Una noche Valeria estaba de espaldas a mí, recogiendo de la mesa los platos de una cena que yo mismo había cocinado, pues esa es otra de mis habilidades. Contemplé el tallo nudoso de su cuerpo y, dominado por la pasión, muerto de ganas de poseerla, me acerqué hasta ella de puntillas y la estreché contra mí, de una manera tan ruda que casi me asusté, de una forma tan bestial que me recordé a un soldado. La hice girar como a una peonza y sepulté mi boca entre sus labios, cerré mis palmas en torno a sus pechos; noté cómo se endurecían bajo mi garra. Valeria no reaccionó inmediatamente. Dejó caer la vajilla, que retumbó con un ladridito sordo, y arqueó su cuerpo sin oponer resistencia. Creí tener en los brazos un cadáver, un bloque de metal helado, uno cualquiera de los robots sexuales que en otro tiempo había habitado, sino que las máquinas ronroneaban y gemían para lograr más completa la ilusión y ella parecía tan rígida como una estatua de piedra; notaba su cuerpo duro y caliente, ávido de mi contacto. Empecé a abrir más la costura de su traje, enfermo por poseerla allí mismo, borracho de su sabor, y entonces ella separó los labios lentamente, como rendida por mi ataque, y rodeó mi boca con sus dientes. Al principio creí que aquello era una caricia, una parte más del juego, que ya estaba a punto. Luego noté sus dientes hundirse lentamente en mi labio inferior con delicadeza, procurando no hacerme daño. Esto me creció. A una pulgada del dolor, detuvo el avance de sus mandíbulas, advirtiéndome con una llamada muda. Miré uno de sus ojos, pegado al mío propio, igual que todo su cuerpo, y la pupila celeste me quemó. La figura recta y caliente se endureció y no tuve más remedio que soltarla, con sumo cuidado, con distinción, temeroso de que el mordisco se tornara más fuerte. Ella permaneció unos segundos prendida a mí, inundándome todavía de su olor a pan tierno, y abrió por fin la boca y me dejó libre.

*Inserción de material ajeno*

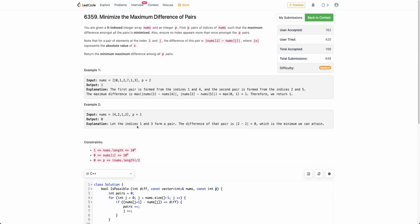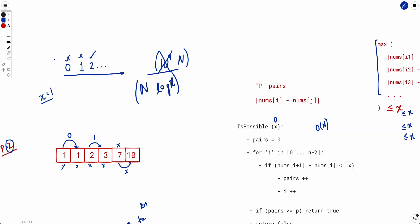Hope this entire solution makes sense. As a follow-up, the problem states that you can't pick one index more than once — try thinking about what the solution would be if you were allowed to pick an index more than once. We can discuss that in the comments below. Hope you enjoyed the solution — if you liked the video, give it a thumbs up and subscribe if you haven't already. Thank you and see you in the next one.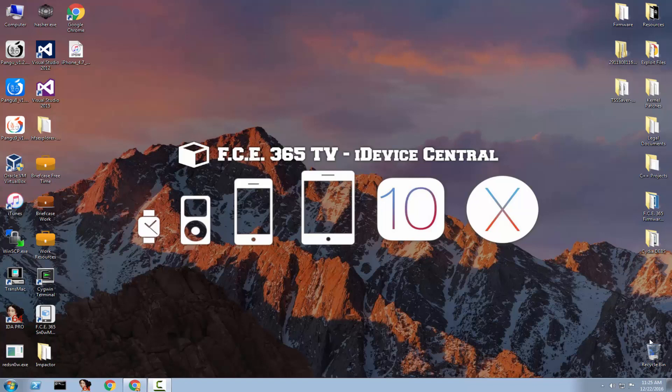What is up guys? Joe Snowright here and today I have great news. The iOS 10.1.1 jailbreak is finally released as a beta format and as an IPA that you can install even on Windows. Let me show you what I'm talking about.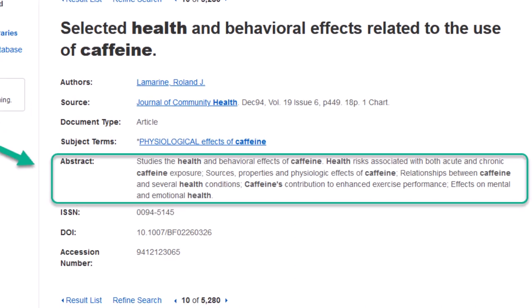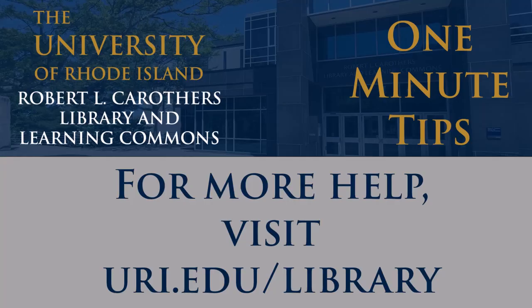Last in this middle column, you'll almost always see the abstract. This is a short summary of the work. This will tell you a lot about the relevancy of the work to your research project.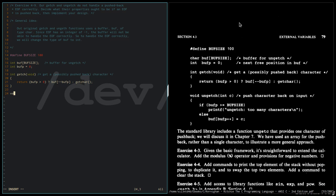So void ungetch. We are not going to change the functions getch and ungetch. The only thing that we are going to change is the type of buffer, which previously is of type char and now it will be of type int.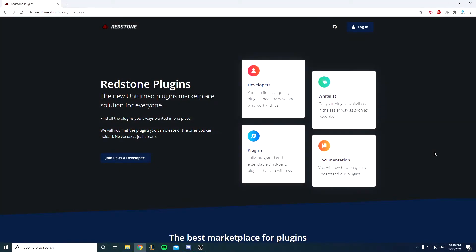Hey what's up guys, this is Dova here, welcome back to another video. Today we're going to be talking about Redstone Plugins, a website which contains a lot of cool plugins like RP plugins and admin plugins.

—No vuelvas a intentarlo porque entonces juro por Rab que perderás los labios e incluso la lengua —dijo con una voz tan helada como sus ojos, pálida y rosa al mismo tiempo, temblando de cólera y de odio.

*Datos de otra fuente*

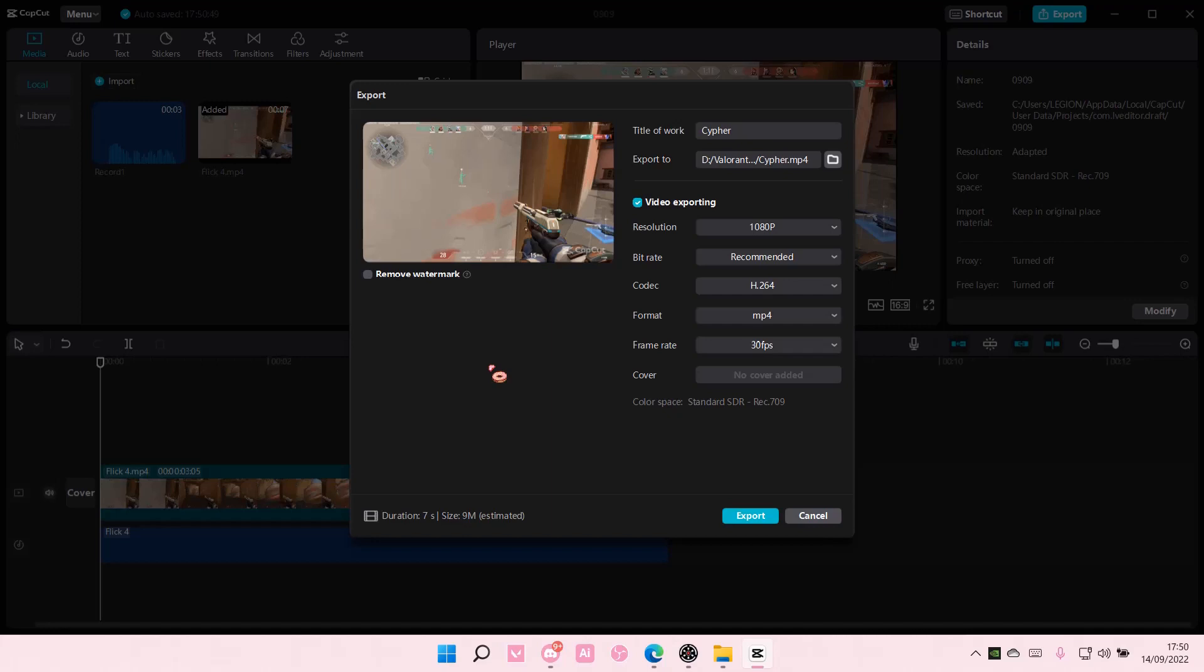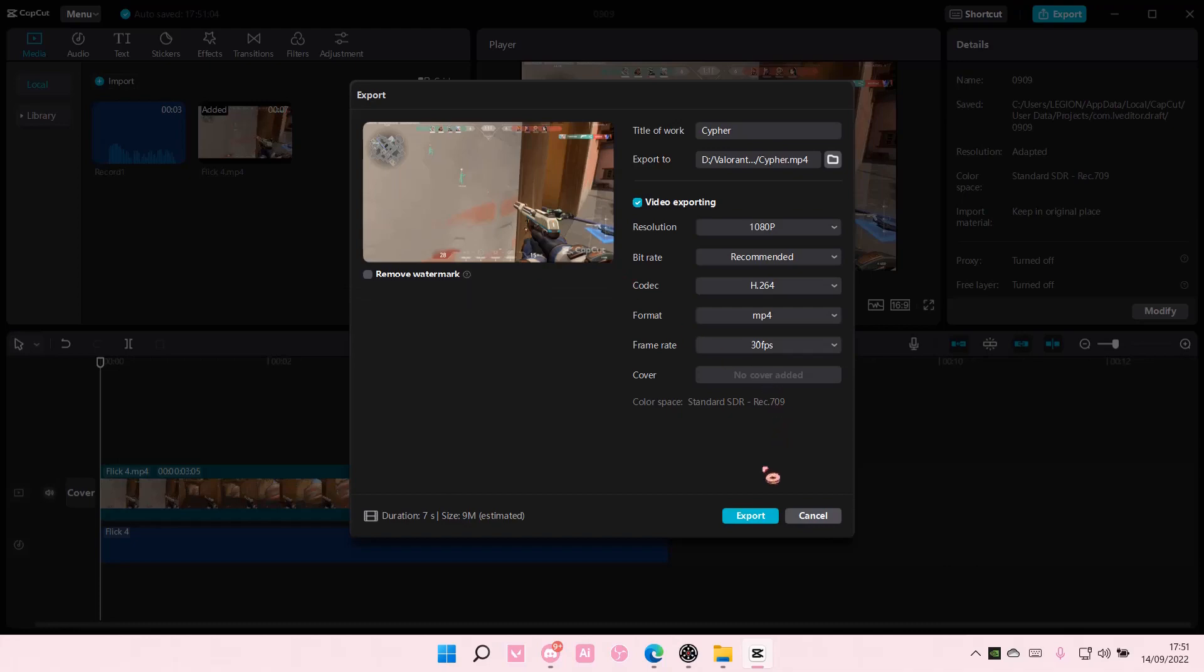Before I end this video, there will be a watermark on your videos but you can remove it, but you have to log in to CapCut. Thank you so much for watching. Bye.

Incapaz de soportar el reproche que destilaba su mirada, salí de la habitación, de la casa. Me senté en las escalinatas de acceso y allí permanecí un siglo, una hora, avergonzado de mí mismo, angustiado de pensar que ella decidiera despedirme. Todavía no acababa de creerme lo que había hecho. Lo notaba irreal, impropio de mí, que me sabía un buen muchacho. No recuerdo si lloré, pero es seguro que nunca me he sentido más perdido que entonces, más humillado. Como todo hombre me creía un amante ideal, un copulador perfecto, y ella me había negado de una manera tajante. No comprendía por qué no me había matado allí mismo. Hubiera sido lo lógico. Estaba en su derecho.
Temeroso de entrar nuevamente en la casa, temeroso de marcharme, la madrugada me sorprendió en el porche. Entonces ella me llamó, con su voz de siempre, ordenándome que recogiera del suelo los platos rotos y me fuera a dormir, porque nos esperaba un trabajo muy duro al día siguiente.